Dès sa sortie le 20 mars 1852, le roman d’Harriet Beecher Stowe intitulé Uncle Tom’s Cabins’arrache et le tirage initial est vite épuisé. Nul n’imagine alors pourtant que cet ouvrage connu dont le titre français est La case de l’oncle Tom deviendrait le roman le plus vendu dans le monde au XIXe siècle, et même le deuxième livre tous genres confondus après la Bible… Préalablement publié en 40 épisodes dans l’hebdomadaire The National Era à partir du 5 juin 1851, il se base sur la vie de Josiah Henson (1789-1883), un esclave du Maryland qui s’enfuit pour le Canada, ce qui n’est pas sans rappeler le réseau de l’Underground Railroad que j’ai évoqué dans mon émission et dans un article le 10 mars dernier. Beecher Stowe était une ardente abolitionniste et l’énorme succès rencontré par son livre prit place parmi les événements qui attiseront les tensions entre Nordistes et Sudistes à l’approche de la Guerre de Sécession. Le président américain Abraham Lincoln aurait même dit à Beecher Stowe : « Voilà donc la petite dame à l’origine de cette grande guerre… »
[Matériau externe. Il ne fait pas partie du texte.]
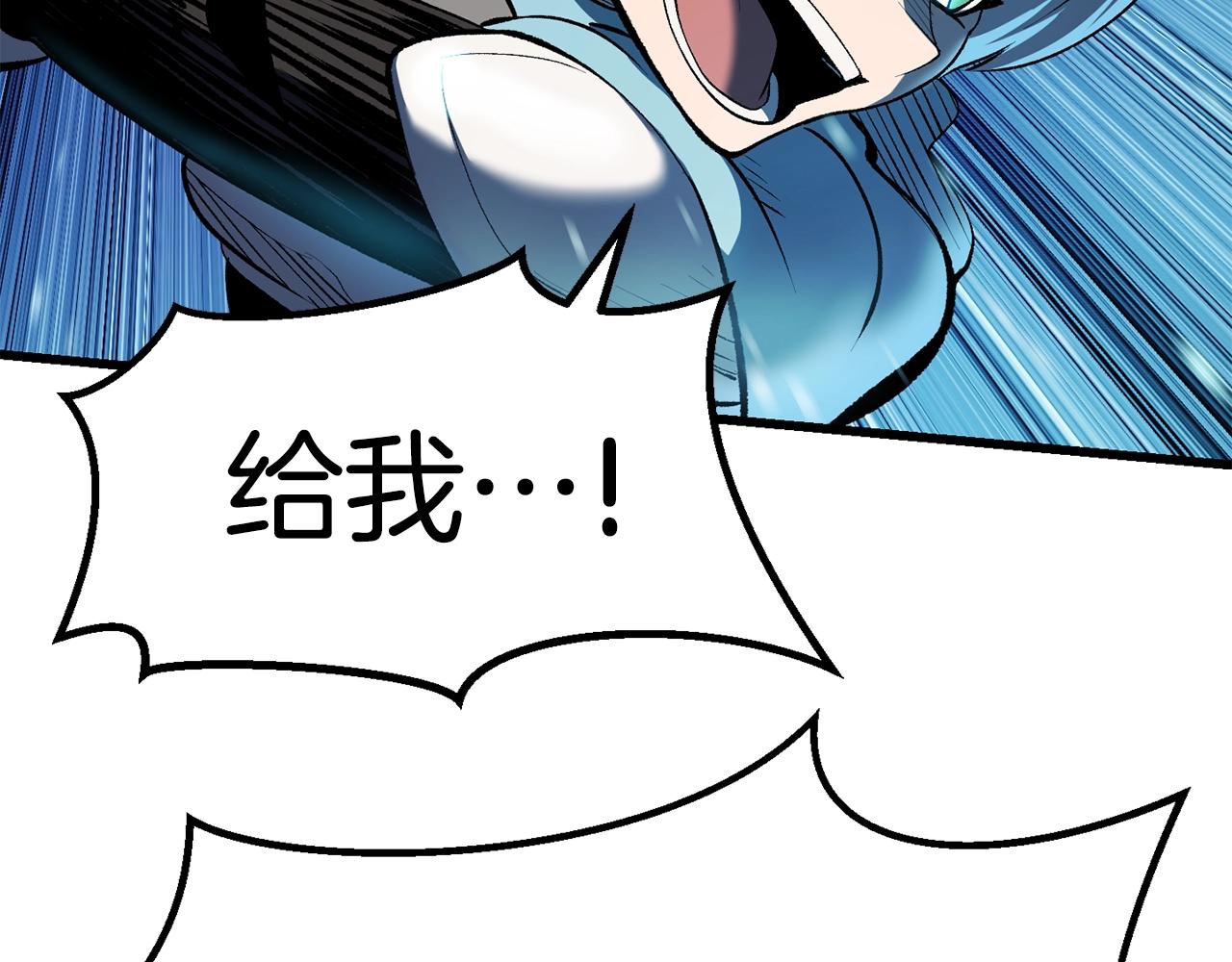 第109话 身体结实的小盗贼132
Quant à Josiah Henson, au Maryland, il vécut dans une cabane sur une plantation comme il en exista énormément à l’époque de l’esclavage. Pour illustrer cela, j’ai programmé un document assez exceptionnel qui n’est toutefois pas complètement inconnu car on l’a vu circuler sur Facebook. Cela date du 8 novembre 1928 et on y voit le chanteur et banjoïste Uncle John Scruggs interpréter Little Log Cabin Round the Lane. Il importe de préciser que Scruggs est né esclave en 1855, soit seulement trois ans après la publication de l’édition originale de La case de l’oncle Tom, ou encore six avant le début de la Guerre de Sécession… Dans la vidéo, on voit Scruggs dans une ambiance indescriptible, entouré de volailles puis de gamins qui dansent devant une cabane qui pourrait rappeler celle de l’oncle Tom, même s’il n’était heureusement plus question d’esclavage en 1928… Certes, musicalement, on est plus près du folk que du blues, mais c’est un vrai document, et à l’époque, il était rarissime que l’on filme des musiciens noirs, surtout dans les régions rurales. C’est enfin le seul témoignage enregistré de Scruggs…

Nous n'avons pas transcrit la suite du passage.